Adanya trauma atau masa lalu yang buruk saat menjadi seorang anak merupakan salah satu contoh dalam faktor psikologis. Ketidaksiapan memiliki anak bisa muncul karena adanya pengalaman buruk disebabkan pola asuh yang salah oleh orangtua. Hal ini membuat mereka berpikir bagaimana jika anak mereka nanti juga akan merasakan hal yang sama seperti yang mereka rasakan dahulu. Karena pernah mengalami hal buruk seperti itu mereka tidak ingin anak mereka merasakan apa yang mereka rasakan. Timbul ketakutan jika mereka tidak bisa menjadi orangtua yang baik bagi anak mereka. Mereka pun berpendapat akan lebih baik jika tidak perlu memiliki seorang anak, daripada nantinya anak tersebut harus merasakan hal buruk karena kesalahannya dalam mengasuh anak.

Membesarkan dan merawat anak memerlukan biaya yang tidak sedikit. Sebagai orangtua kita menginginkan yang terbaik bagi anak kita. Dimulai dari nutrisi pada makanan yang diberikan, pakaian dan tempat tinggal yang layak, juga pendidikan terbaik bagi anak.

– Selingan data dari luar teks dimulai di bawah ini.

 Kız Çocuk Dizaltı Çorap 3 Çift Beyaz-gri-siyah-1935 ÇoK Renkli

Semua hal tersebut tentunya memerlukan biaya yang banyak. Bahkan, diperlukan perencanaan finansial bagi seorang anak. Bagi mereka yang merasa tidak memiliki kemampuan kesiapan finansial, akan berpikir dua kali untuk memiliki anak. Walaupun ada yang mengatakan bahwa setiap anak akan membawa rezekinya sendiri, pasti ada saja ketakutan jika sebagai orangtua tidak dapat memenuhi kebutuhan atau tidak bisa memberikan yang terbaik bagi anak mereka. Hal ini yang membuat mereka yang belum memilki kemampuan atau kesiapan finansial yang baik memilih untuk tidak memiliki anak.

Memiliki fisik yang tidak sehat seperti memilki penyakit keturunan juga menjadi hal yang dipertimbangkan jika ingin memiliki seorang anak. Adanya penyakit keturunan yang dimiliki berpeluang besar nantinya bagi anak untuk memilki penyakit tersebut juga. Penyakit keturunan biasanya sulit dihindari. Hal ini membuat seseorang takut jika nanti memiliki anak, ia akan menurunkan penyakit kepada anaknya.

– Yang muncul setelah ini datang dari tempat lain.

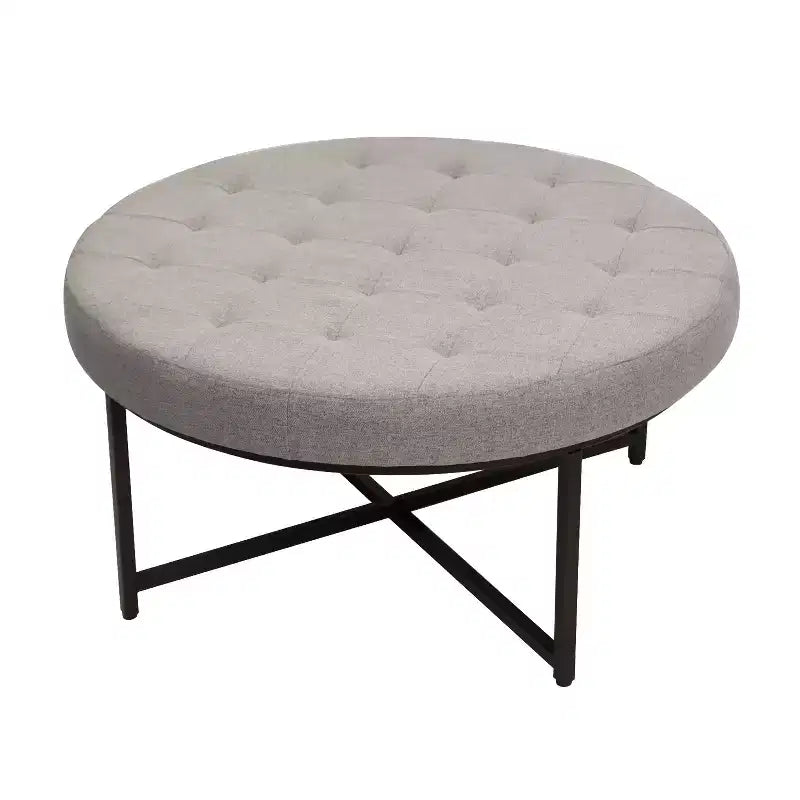 Pouf rond touffeté en coton et lin de 34 po (avec cadre en métal)
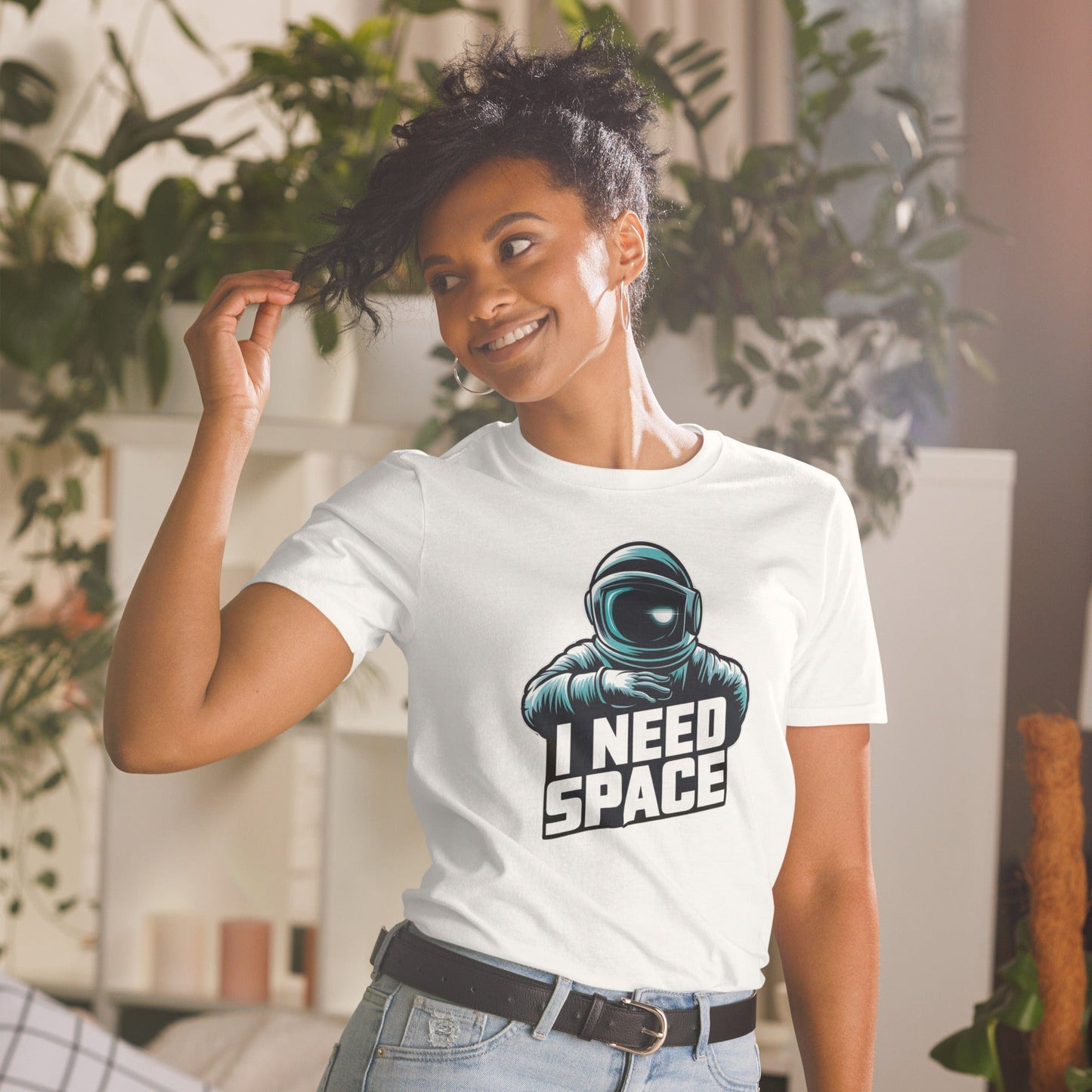 Padres Mágicos Blanco / S Camiseta "I Need Space" - 100% Algodón con Diseño de Astronauta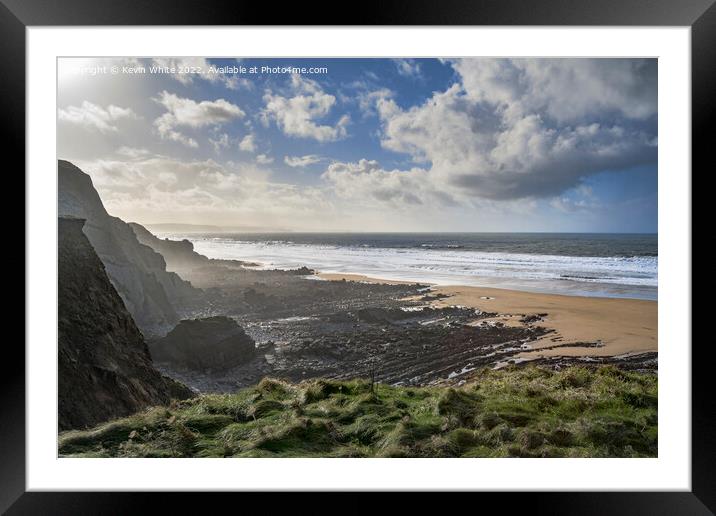 Sandymouth rugged coastline Framed Mounted Print by Kevin White
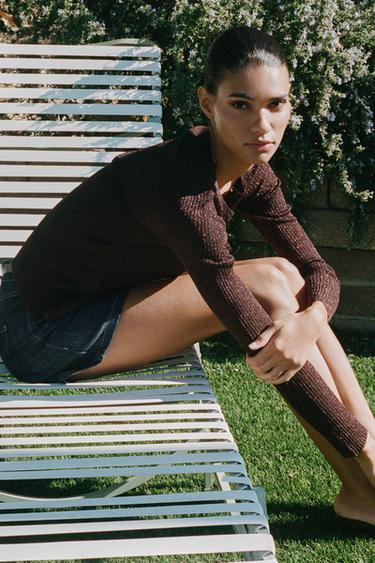 METALLIC THREAD JACKET - Light brown by Zara - Image 2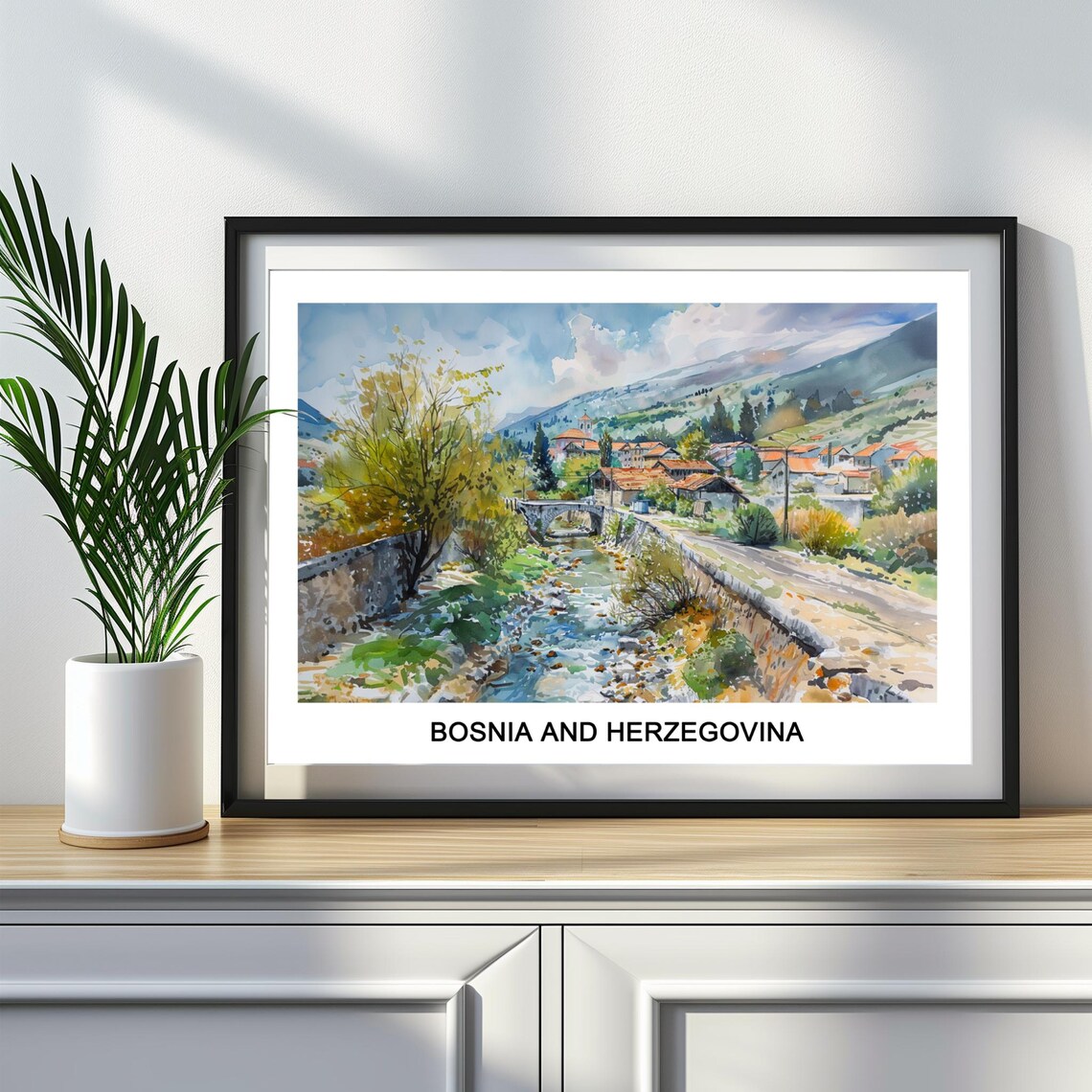 Bosnia and Herzegovina River Town Watercolor Travel Scene Poster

Bertambahnya penduduk di bumi ternyata menjadi salah satu alasan bagi mereka yang memutuskan untuk childfree. Hal ini dikarenakan semakin bertambahnya populasi manusia namun tidak sejalan dengan meningkatnya tingkat kesehatan. Faktor lingkungan lainnya yaitu karena perubahan iklim, global warming dan kerusakan alam di bumi.

Respon masyarakat

Bagi mereka yang mendukung fenomena childfree berpendapat bahwa memiliki seorang anak atau tidak adalah hak bagi tiap individu. Keputusan tersebut pastinya sudah dipertimbangkan dengan baik. Selain itu, melarang seseorang untuk melakukan sesuatu yang memang tidak diinginkan orang tersebut bukanlah hak atau kewajiban kita. Mereka berhak atas apa yang ingin mereka lakukan selama itu tidak merugikan orang lain. Mereka yang mendukung childfree juga sependapat mengenai beberapa alasan yang menyebabkan mereka tidak ingin memiliki anak. Akan lebih baik tidak memiliki anak daripada harus memaksakan seseorang memiliki anak yang nantinya akan berdampak pada anak tersebut.

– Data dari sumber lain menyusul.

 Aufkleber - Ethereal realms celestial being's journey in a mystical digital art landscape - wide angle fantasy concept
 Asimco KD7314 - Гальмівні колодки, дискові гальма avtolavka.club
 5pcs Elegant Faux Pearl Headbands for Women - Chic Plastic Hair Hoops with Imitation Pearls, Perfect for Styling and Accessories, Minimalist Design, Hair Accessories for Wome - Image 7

Sedangkan bagi yang tidak setuju terhadap hal ini memiliki alasan bahwa sudah kodratnya sebagai seorang wanita untuk mengandung dan melahirkan seorang anak. Selain itu, tujuan dari sebuah pernikahan adalah untuk memiliki anak yang dapat meneruskan keturunan keluarga. Childfree seharusnya bukan merupakan keputusan satu individu atau pasangan saja tapi perlu juga dibicarakan kepada masing masing keluarga. Faktor yang menjadi penyebab untuk childfree hanyalah ketakutan yang sebenarnya bisa ditangani.

Kesimpulan

Childfree adalah pengambilan keputusan oleh seseorang atau pasangan untuk tidak memiliki seorang anak. Hal ini disebabkan oleh faktor psikologis, faktor finansial, faktor fisik, faktor lingkungan. Respon yang diterima atas keputusan ini pun bermacam macam. Ada yang mendukung dengan alasan jika hal tersebut merupakan hak bagi tiap individu dan bukan hal yang baik jika harus memaksakan kehendak seseorang. Dan mereka yang tidak setuju berpendapat bahwa pengambilan keputusan childfree tidak sesuai dengan kodrat atau nilai yang ada di masyarakat.